* **TASK OBJECTIVE**
Your answer should be every line of the records that contains the word "Appartement".
(RECORDS PROVIDED)
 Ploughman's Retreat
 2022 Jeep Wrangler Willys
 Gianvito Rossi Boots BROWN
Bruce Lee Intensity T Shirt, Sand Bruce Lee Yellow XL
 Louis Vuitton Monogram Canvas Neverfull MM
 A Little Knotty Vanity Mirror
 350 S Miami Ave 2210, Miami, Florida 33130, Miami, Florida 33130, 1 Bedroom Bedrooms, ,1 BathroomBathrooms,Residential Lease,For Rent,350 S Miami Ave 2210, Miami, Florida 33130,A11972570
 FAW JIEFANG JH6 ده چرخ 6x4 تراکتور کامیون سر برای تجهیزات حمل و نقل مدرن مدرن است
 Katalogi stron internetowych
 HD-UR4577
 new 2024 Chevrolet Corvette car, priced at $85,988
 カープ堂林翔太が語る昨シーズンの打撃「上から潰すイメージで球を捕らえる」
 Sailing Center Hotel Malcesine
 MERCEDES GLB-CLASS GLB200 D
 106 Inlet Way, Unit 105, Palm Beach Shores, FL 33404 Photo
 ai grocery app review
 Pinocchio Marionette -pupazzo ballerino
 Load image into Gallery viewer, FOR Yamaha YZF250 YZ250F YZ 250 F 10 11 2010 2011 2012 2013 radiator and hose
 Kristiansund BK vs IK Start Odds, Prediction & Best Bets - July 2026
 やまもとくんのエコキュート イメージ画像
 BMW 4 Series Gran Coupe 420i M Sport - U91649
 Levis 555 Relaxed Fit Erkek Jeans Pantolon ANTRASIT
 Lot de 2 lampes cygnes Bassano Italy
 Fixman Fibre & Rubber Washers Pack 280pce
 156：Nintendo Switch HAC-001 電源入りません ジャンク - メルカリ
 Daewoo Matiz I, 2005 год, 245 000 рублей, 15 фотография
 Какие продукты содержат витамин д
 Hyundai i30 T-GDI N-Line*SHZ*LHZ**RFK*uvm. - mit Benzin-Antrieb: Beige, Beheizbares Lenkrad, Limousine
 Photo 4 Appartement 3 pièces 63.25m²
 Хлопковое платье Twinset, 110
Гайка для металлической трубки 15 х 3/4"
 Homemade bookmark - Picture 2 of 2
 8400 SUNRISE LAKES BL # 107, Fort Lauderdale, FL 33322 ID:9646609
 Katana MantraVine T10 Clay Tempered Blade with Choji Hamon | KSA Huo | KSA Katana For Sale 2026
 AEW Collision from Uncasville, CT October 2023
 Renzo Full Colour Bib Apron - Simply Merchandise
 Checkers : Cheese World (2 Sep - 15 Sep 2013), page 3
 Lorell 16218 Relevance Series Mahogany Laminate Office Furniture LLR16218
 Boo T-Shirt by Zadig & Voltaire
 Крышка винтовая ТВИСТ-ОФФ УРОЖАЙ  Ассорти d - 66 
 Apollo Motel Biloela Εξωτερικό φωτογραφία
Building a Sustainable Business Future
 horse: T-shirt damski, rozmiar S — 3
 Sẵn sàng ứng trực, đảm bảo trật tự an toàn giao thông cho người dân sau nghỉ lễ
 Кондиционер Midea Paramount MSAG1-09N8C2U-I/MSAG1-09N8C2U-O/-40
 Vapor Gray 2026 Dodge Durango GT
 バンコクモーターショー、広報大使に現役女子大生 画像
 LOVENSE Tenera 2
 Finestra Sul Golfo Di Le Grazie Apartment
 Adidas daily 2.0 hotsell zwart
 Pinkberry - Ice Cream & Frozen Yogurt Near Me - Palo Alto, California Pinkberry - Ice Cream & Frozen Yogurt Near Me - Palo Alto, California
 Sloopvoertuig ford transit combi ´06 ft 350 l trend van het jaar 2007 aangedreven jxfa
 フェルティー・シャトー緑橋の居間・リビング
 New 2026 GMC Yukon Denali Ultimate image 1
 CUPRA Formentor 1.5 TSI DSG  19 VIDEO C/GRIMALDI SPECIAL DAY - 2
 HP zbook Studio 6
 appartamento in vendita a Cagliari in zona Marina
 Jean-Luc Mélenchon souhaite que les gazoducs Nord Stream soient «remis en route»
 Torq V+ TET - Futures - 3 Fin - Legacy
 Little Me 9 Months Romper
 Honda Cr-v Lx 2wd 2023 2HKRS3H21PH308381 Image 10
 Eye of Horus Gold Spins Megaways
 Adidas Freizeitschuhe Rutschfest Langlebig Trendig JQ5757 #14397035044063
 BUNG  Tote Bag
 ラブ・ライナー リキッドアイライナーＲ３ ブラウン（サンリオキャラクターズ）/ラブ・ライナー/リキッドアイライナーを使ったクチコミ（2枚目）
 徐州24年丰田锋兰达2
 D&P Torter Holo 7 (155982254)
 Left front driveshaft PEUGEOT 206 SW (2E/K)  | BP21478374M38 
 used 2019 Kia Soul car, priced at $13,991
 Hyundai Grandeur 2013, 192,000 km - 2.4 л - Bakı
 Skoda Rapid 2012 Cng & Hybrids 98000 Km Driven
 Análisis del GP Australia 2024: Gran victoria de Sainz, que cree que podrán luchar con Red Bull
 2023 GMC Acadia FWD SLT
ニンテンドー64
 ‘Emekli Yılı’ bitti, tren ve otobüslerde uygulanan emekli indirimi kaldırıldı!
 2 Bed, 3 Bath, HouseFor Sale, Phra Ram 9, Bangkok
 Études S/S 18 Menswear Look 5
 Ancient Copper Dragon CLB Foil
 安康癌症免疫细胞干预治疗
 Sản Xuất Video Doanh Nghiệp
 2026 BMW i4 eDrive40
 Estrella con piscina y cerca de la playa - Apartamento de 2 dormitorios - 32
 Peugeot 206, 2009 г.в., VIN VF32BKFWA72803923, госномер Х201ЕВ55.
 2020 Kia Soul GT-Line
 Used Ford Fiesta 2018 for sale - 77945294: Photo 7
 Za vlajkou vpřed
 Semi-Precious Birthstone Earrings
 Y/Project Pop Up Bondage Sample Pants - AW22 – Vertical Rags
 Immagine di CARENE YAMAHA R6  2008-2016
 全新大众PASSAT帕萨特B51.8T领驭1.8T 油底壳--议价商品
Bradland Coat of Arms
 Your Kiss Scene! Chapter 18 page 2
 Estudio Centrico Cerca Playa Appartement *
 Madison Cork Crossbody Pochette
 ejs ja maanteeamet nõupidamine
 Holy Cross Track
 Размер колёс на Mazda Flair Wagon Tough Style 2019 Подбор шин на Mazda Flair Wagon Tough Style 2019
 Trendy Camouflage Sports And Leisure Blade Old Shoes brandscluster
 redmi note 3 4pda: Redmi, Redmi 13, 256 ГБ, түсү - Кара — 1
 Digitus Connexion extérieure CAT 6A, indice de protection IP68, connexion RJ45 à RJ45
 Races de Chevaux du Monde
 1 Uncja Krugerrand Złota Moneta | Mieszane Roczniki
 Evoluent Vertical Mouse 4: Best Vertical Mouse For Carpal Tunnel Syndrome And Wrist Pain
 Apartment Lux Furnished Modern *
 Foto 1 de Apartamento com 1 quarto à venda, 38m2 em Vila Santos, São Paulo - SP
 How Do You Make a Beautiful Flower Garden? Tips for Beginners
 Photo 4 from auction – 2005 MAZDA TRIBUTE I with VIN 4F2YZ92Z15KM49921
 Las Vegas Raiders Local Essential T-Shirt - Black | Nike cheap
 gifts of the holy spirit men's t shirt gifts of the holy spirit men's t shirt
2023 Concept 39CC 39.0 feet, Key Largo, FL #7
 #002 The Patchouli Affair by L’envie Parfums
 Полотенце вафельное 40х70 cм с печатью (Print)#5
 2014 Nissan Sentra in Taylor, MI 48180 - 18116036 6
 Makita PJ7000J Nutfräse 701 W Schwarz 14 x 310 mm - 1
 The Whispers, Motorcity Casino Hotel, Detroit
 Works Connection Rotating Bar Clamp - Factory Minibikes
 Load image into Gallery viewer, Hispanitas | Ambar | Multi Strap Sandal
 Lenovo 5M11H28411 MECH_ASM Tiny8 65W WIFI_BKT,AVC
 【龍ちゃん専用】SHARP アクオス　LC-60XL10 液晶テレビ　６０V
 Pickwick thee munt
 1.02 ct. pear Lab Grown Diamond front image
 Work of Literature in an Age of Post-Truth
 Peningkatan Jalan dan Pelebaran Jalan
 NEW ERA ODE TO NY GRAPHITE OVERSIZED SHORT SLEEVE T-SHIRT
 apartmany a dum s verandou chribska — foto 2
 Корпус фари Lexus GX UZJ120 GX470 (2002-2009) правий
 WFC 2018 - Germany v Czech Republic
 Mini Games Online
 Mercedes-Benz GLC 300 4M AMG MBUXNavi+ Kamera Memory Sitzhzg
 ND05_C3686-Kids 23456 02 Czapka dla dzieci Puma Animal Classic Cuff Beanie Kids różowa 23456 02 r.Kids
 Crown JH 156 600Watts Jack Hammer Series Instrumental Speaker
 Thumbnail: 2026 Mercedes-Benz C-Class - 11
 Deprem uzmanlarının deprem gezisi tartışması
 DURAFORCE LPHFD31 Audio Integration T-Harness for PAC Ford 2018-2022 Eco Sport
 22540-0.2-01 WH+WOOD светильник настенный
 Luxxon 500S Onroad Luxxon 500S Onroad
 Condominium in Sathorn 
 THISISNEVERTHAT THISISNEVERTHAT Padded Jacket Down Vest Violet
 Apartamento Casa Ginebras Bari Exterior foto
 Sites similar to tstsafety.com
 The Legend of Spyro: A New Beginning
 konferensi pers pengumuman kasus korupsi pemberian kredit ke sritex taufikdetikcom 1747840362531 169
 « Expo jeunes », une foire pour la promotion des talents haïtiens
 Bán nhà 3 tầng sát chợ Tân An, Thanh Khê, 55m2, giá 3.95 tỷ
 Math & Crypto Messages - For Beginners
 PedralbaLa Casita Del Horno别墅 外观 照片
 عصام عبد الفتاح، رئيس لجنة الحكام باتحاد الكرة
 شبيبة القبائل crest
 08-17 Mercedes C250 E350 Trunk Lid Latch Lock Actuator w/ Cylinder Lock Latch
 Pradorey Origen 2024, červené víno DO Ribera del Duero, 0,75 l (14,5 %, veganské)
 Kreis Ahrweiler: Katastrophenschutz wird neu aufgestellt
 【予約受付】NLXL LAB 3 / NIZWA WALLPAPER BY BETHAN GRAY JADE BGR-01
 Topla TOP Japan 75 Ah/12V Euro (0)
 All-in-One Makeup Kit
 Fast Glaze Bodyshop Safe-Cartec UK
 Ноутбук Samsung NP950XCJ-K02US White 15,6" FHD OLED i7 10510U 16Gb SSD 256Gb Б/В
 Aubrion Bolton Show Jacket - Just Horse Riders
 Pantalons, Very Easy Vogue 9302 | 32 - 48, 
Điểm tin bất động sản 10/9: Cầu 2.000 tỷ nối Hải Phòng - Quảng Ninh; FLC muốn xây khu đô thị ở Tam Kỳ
(End RECORDS PROVIDED)
* **SOLUTION TO THIS PROBLEM**
 Photo 4 Appartement 3 pièces 63.25m²
 Estudio Centrico Cerca Playa Appartement *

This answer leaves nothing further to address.